For the most part winter training has been going great. I am still chipping away at my swimming, and starting to feel much stronger in my strokes. The goal, the last couple months has been to drag myself to the pool at least 5 days a week. I set this in my mind to be a burden(hence I used the word Drag) but in reality it has become something I enjoy. January has been good and I have averaged over 17,000 yards a week for the month.

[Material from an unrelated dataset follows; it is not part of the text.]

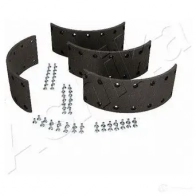 Тормозные колодки ASHIKA 2116250 0UVEC 0 55-01-110 8033001305371 - Изображение 1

While swimming has been going great. My running has been a little rough. After two hard spills on my Mt bike that were only a day apart, I started to notice some small aches and pains. These grew to larger aches a pains, and after a short while running was painful. I realized something at this moment. No one else truly cares that you are hurt (Just putting it in a blunt sense). Injuries are part of competition and you can either do something about it, or you can not. I decided that I was not going to give up at this point. I still kept my 40 miles a week of running going, and If I am honest I hated almost every second of it. With school and work I found myself running through the night at 10,11, sometimes even 12pm. There is a road that parallels a river by my house, and you run elevated way above the river. At night this river casts off fog and you find yourself running in a somewhat surreal state. The river and road twist and turn together traveling south and just when you feel like you are running in a strange dream the headlights of a lone car over take you, temporarily blinding you to the night. It was on one of these nights that I realized I am in a valley, and I have hit the bottom. Pain at the moment was demotivating me beyond belief, and I just wanted to stop! Thoughts(recurring ones) create beliefs, and beliefs can turn to life patterns. If you begin to stop on runs, it becomes easier the next time, and you soon find yourself giving up as the normal habit. In short I hate to stop on my runs. and if it wasn't for the engraning of this thought into my mind, I would have been walking through the dark. Lucky for me my Being stubborn and continuing to run has not created any further injuries, and after 3 long weeks I finally feel back! At the moment I feel very glad I ran through the pain because I feel stronger than ever in my running. Will I actually be faster, we will just have to wait for the first race and see ( I really don't know).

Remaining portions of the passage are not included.